Explore Initial Graph Connections
Open the DeepLink graph view to see how extracted entities connect across your processed content. Look for central nodes (highly connected entities), clusters (groups of related entities), and bridges (entities that connect otherwise separate clusters).
Query the Graph with Natural Language
Use DeepContext to ask questions that leverage the graph structure. Try relationship queries like 'Who are the most frequently cited experts on this topic?' or path queries like 'How is Company X connected to Research Topic Y?' The graph-enhanced search returns results that simple text search would miss.
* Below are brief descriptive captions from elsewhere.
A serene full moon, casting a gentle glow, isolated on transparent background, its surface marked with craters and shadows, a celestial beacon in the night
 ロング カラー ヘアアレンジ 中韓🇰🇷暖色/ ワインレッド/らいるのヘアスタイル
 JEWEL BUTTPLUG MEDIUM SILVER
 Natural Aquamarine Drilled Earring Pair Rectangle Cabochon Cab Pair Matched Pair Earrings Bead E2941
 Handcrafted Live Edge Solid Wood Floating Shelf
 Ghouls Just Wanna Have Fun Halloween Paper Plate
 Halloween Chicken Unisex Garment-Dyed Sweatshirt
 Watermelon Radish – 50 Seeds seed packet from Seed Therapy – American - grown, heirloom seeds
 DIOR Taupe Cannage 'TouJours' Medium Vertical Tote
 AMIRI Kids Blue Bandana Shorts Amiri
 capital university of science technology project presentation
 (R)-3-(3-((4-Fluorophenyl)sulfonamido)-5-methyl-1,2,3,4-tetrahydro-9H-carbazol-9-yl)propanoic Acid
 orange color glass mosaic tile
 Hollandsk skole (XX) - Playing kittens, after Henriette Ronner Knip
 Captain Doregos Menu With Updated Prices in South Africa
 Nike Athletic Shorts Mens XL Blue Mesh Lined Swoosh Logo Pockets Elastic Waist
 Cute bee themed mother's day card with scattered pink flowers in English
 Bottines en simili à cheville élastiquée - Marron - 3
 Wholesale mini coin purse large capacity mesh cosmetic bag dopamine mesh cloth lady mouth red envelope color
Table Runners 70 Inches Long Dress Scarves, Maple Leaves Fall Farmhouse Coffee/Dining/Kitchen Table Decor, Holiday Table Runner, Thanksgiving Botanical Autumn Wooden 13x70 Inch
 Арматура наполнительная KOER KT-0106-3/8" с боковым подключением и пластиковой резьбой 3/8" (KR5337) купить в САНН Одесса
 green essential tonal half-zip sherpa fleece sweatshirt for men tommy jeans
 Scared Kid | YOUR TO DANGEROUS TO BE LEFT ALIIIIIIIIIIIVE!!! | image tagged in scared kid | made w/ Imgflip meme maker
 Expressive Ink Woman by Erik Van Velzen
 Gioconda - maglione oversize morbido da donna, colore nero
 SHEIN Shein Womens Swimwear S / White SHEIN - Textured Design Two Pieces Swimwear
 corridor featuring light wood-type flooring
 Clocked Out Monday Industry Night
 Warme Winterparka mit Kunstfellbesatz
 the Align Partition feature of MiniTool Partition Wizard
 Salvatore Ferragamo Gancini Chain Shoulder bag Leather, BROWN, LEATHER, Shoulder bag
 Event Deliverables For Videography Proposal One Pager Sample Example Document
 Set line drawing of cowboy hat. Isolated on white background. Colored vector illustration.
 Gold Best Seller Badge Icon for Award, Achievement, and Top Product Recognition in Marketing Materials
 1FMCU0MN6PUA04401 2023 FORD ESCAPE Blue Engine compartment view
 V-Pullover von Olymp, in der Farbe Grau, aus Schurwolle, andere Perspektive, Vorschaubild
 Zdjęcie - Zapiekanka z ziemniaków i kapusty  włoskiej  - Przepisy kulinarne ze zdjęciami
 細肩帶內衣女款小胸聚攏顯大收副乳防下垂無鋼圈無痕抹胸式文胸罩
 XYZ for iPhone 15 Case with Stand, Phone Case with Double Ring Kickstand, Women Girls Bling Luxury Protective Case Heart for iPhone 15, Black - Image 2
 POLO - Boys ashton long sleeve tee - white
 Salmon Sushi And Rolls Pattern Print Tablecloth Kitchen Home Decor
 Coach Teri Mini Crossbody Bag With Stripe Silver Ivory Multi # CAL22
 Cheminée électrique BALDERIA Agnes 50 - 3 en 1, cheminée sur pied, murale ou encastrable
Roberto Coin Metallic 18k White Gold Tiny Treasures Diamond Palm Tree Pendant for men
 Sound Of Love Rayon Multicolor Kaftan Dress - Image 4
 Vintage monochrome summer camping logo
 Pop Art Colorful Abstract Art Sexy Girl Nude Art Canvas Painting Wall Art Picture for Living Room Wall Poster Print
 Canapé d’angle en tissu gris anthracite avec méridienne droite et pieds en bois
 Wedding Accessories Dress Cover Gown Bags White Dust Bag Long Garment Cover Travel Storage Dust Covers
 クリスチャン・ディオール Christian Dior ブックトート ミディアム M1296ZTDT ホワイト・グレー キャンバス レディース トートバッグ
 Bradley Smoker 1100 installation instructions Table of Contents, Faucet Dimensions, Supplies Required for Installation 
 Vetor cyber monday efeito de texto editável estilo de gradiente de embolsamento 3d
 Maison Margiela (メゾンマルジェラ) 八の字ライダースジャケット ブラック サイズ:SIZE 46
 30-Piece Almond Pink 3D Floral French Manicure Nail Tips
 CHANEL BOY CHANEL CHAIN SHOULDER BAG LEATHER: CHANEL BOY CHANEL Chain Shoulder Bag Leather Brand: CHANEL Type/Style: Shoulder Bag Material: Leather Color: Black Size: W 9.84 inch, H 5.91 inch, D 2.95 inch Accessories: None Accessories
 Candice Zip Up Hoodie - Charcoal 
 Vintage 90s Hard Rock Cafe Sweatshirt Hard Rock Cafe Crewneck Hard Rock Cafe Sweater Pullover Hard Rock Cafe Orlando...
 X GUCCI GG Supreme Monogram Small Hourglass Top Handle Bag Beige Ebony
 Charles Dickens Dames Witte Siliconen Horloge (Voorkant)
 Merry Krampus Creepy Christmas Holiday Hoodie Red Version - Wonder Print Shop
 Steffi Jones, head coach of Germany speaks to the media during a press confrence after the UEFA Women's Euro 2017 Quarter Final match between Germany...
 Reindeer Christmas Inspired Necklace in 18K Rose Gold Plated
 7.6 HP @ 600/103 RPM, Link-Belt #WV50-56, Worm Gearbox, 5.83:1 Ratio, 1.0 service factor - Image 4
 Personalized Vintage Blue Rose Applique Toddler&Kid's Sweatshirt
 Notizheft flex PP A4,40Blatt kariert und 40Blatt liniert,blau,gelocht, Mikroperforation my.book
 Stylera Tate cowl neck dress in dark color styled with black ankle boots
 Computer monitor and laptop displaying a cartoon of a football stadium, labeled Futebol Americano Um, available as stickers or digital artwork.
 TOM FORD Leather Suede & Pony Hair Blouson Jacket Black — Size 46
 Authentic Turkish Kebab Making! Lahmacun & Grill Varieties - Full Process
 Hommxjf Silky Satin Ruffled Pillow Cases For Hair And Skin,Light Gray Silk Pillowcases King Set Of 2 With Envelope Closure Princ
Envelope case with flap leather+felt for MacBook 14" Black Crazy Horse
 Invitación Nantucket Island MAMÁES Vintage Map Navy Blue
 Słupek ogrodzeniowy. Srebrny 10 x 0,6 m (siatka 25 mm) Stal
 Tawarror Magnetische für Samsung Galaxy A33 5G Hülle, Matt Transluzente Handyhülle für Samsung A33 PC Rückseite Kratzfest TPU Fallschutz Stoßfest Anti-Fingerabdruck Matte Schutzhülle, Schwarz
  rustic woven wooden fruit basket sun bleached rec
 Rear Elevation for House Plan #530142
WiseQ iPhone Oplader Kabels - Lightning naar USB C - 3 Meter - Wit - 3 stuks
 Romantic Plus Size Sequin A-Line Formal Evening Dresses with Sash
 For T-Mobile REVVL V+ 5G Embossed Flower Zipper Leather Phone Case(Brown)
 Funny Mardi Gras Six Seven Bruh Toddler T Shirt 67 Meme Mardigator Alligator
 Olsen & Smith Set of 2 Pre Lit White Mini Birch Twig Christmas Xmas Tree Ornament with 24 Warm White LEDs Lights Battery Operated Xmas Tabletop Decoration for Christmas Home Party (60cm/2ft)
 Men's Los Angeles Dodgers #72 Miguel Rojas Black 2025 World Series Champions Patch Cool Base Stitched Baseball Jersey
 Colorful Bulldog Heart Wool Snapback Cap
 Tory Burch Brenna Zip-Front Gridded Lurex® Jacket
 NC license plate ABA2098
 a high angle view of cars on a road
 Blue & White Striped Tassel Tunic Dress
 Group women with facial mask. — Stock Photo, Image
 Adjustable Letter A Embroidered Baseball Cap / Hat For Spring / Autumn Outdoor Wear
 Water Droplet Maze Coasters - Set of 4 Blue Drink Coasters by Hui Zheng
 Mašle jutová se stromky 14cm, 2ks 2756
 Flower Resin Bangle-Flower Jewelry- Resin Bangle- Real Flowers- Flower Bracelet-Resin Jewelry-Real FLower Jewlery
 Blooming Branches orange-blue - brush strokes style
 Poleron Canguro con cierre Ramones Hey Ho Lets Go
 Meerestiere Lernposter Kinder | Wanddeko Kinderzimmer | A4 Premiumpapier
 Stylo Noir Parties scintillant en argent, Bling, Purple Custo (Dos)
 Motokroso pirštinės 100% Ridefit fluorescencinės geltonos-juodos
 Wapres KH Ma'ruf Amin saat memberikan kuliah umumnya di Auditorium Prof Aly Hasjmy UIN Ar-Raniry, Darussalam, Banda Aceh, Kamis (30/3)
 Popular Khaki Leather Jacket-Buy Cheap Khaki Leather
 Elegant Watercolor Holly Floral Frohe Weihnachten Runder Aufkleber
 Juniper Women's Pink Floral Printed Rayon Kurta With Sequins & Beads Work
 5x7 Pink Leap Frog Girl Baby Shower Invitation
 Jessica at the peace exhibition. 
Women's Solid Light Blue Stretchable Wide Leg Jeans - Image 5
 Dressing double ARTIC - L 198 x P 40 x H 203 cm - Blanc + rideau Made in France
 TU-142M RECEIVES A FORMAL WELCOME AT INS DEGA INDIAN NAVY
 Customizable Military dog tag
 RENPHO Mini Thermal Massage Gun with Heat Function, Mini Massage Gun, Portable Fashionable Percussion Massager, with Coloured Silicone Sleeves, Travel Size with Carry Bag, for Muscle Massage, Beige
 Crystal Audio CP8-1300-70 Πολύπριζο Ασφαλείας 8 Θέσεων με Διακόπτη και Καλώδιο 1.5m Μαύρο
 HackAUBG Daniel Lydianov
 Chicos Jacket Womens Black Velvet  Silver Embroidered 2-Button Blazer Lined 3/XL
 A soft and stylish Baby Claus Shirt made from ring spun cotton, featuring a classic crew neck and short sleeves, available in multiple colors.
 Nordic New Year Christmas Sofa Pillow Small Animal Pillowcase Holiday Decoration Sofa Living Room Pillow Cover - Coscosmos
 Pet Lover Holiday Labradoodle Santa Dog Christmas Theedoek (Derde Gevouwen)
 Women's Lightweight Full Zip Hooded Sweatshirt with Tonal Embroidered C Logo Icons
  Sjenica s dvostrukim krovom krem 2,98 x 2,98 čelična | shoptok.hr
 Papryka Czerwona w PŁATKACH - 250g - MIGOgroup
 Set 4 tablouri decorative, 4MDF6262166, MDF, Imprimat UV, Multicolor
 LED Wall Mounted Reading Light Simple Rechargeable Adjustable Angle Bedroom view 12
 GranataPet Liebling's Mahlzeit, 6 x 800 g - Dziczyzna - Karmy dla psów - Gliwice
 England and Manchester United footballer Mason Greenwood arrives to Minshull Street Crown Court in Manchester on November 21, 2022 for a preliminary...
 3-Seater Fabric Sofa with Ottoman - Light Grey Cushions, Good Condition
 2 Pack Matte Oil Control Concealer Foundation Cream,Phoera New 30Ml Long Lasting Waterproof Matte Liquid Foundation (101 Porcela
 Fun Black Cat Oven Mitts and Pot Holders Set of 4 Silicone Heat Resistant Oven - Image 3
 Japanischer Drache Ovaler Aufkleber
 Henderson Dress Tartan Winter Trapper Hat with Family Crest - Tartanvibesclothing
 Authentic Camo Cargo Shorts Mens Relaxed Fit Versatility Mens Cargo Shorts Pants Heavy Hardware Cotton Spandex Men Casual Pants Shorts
Set Up Continuous Monitoring
Configure DeepWatch agents to monitor your source list for new content. As new episodes are published, they are automatically processed and integrated into your knowledge graph. Set alerts for when new entities appear or existing relationships change.
Iterate and Expand Your Graph
Based on your initial exploration, identify gaps in coverage and add new sources. Follow interesting connections that lead to adjacent topics. The knowledge graph becomes increasingly powerful as its coverage grows and cross-references multiply.
What Is a Knowledge Graph and Why Build One from Podcasts
A knowledge graph is a structured network of entities and their relationships. Unlike a flat database or a simple list, a knowledge graph captures how things connect: which experts discuss which topics, which claims are supported or contradicted by other claims, and which organizations are linked to specific research areas. This relational structure makes it possible to discover insights that are invisible in isolated content.
Podcasts are one of the richest sources of expert knowledge available, yet this knowledge is locked in linear audio streams. Building a knowledge graph from podcast content unlocks that knowledge by extracting entities, mapping their relationships, and making the entire network searchable and explorable. The result is a living map of expertise that grows more valuable with every episode processed.
VeriDive's DeepLink module automates the construction of knowledge graphs from spoken content. It extracts over 20 types of Smart Objects from transcripts, identifies relationships between them, and builds a graph that you can navigate visually, query semantically, or integrate into your own research workflows.
The Building Blocks: Entities, Relationships, and Claims
Every knowledge graph is built from three fundamental components. Entities are the nodes: people, organizations, concepts, products, events, and other named things mentioned in podcast content. Relationships are the edges connecting those entities: "works at," "disagrees with," "recommends," "founded," and so on. Claims are assertions made by speakers that can be tracked, verified, and cross-referenced.
VeriDive's Smart Objects system recognizes and extracts these building blocks automatically. When a podcast guest says "Dr. Sarah Chen at Stanford published a study showing that meditation reduces cortisol by 25%," the system extracts the person (Dr. Sarah Chen), the organization (Stanford), the topic (meditation), the claim (reduces cortisol by 25%), and the relationship between them. All of this happens without manual tagging or annotation.
From Individual Episodes to a Connected Network
The power of a knowledge graph comes from connections across sources. A single podcast episode might mention a researcher, a company, and a technology. When you process hundreds of episodes, the same entities appear in different contexts, revealing patterns that no single episode could show. You might discover that two seemingly unrelated experts reference the same foundational research, or that a startup mentioned briefly on one podcast is led by an expert featured extensively on another.
DeepLink builds these cross-episode connections automatically. As new content is processed and indexed, the graph grows organically, with new nodes and edges appearing as new entities and relationships are discovered. You can explore the graph to see how your topic of interest connects to related areas you might not have considered.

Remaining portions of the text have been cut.